Сколько вкусов у сионизма? Как правило, отвечают: три. Есть политический сионизм Теодора Герцля (1860–1904), его задача — установление еврейского суверенитета. Есть культурный сионизм, который проповедовал Ахад-ха-Ам (1856–1927), — этот стремился создать нравственный и духовный центр в земле Израиля вне зависимости от суверенитета. И, наконец, есть религиозный сионизм, который воспринимает и видоизменяет элементы двух предыдущих, а сам нацелен на поддержание традиции и не забывает об обещанном божественном Искуплении.
Само собой, в реальности все несколько сложнее. Более того, когда сионизм нужно серьезно защищать и переосмыслять, ученые все только больше запутывают. Например, привлекают всеобщее внимание к полузабытым мыслителям и активистам, в чьем сионизме сквозил более широкий «космополитизм»: эти люди старались примирить универсальную этику, права меньшинств и национальную принадлежность.

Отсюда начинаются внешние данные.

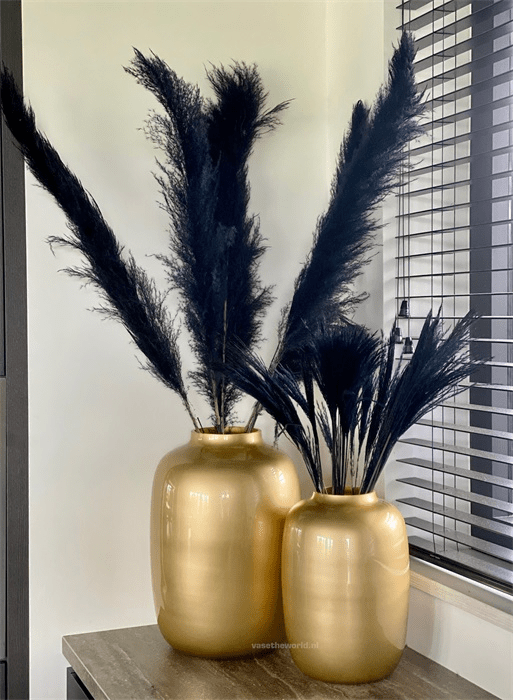 Vaas - goud - glas - Luxe zijden bloemen boeket - Kunstbloemen van Sharon Flowers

Кто-то вырос или пожил в Центральной Европе, где крах Австро-Венгрии перед Первой мировой войной и хаос, воцарившийся после, оставили целый букет мелких государств и национальных меньшинств, искавших некую опору. Интеллектуальная еврейская молодежь видела в культурном сионизме способ не только обрести связь со своим народом, но и подвергнуть критике тягу государств — как тоталитарного, так и либерального толка — к стиранию коллективного самосознания меньшинств.Особенно интересна в этом смысле пражская группа молодых еврейских интеллектуалов. В нее входили философ Шмуэль Хуго Бергманн, историк Ганс Кон, журналист и редактор Роберт Велч и наперсник Кафки Макс Брод. Некоторые участники кружка впоследствии активно сотрудничали с движением «Брит Шалом», которое в Палестине до учреждения еврейского государства безуспешно пропагандировало двунациональную еврейско-арабскую государственность. В своей новой книге «Между Прагой и Иерусалимом» Дмитрий Шумский связывает эти усилия, которые обычно представляются благородными и безнадежно наивными, с опытом жизни в Центральной Европе, где эти люди, «дефисники», противостояли стремлению монолитных национальных государств растоптать их сложную и самобытную культуру.

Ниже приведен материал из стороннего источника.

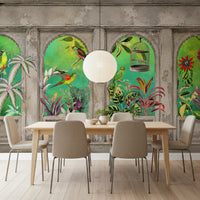 Murale da parete con archi vintage e uccelli tropicali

Другая книга — «Новая тайная доктрина» Зохара Маора — посвящена духовной жизни «пражского кружка». Как и прочие западноевропейские евреи-интеллектуалы, отсеченные от традиции и разочарованные в Просвещении, его члены повернулись к востоку, а конкретно — к мистическим изводам хасидизма и сионизма, выразителем коих был их старший современник Мартин Бубер. К примеру, для Бергманна, глубочайшего мыслителя этой группы, сионизм представлял собой «наше освящение Имени» — синтез принятия всего пережитого опыта со святостью этики. Отправившись в Сион в 1920 году, Бергманн стал сооснователем Еврейского университета и одним из ведущих израильских интеллектуалов.Другой участник «пражского кружка» Ганс Кон — один из главных героев третьей книги, работы американского историка Ноама Пьянко «Сионизм и дороги, которые мы не избрали». Автор вроде бы стремится разомкнуть удушающие — в его понимании — рамки, которые сионизм навязывает еврейской народности, сводя последнюю к политическому суверенитету, а для этого обращается к троице мыслителей — они, утверждает исследователь, разрушили эту простую формулу. Помимо Кона, он рассматривает Симона Равидовича, культурного сиониста и историка еврейской мысли, и Мордехая Каплана, основателя реконструктивизма и центральную фигуру американского иудаизма ХХ века.
Для Пьянко эти трое символизируют культурный гуманизм (Кон), глобальный гебраизм (Равидович) и национальную цивилизацию (Каплан). Все эти течения альтернативны простой идентификации еврейского национализма с государственностью, а также понятию о том, что жизнь в Диаспоре ориентирована одновременно на Израиль и на окружающую титульную культуру.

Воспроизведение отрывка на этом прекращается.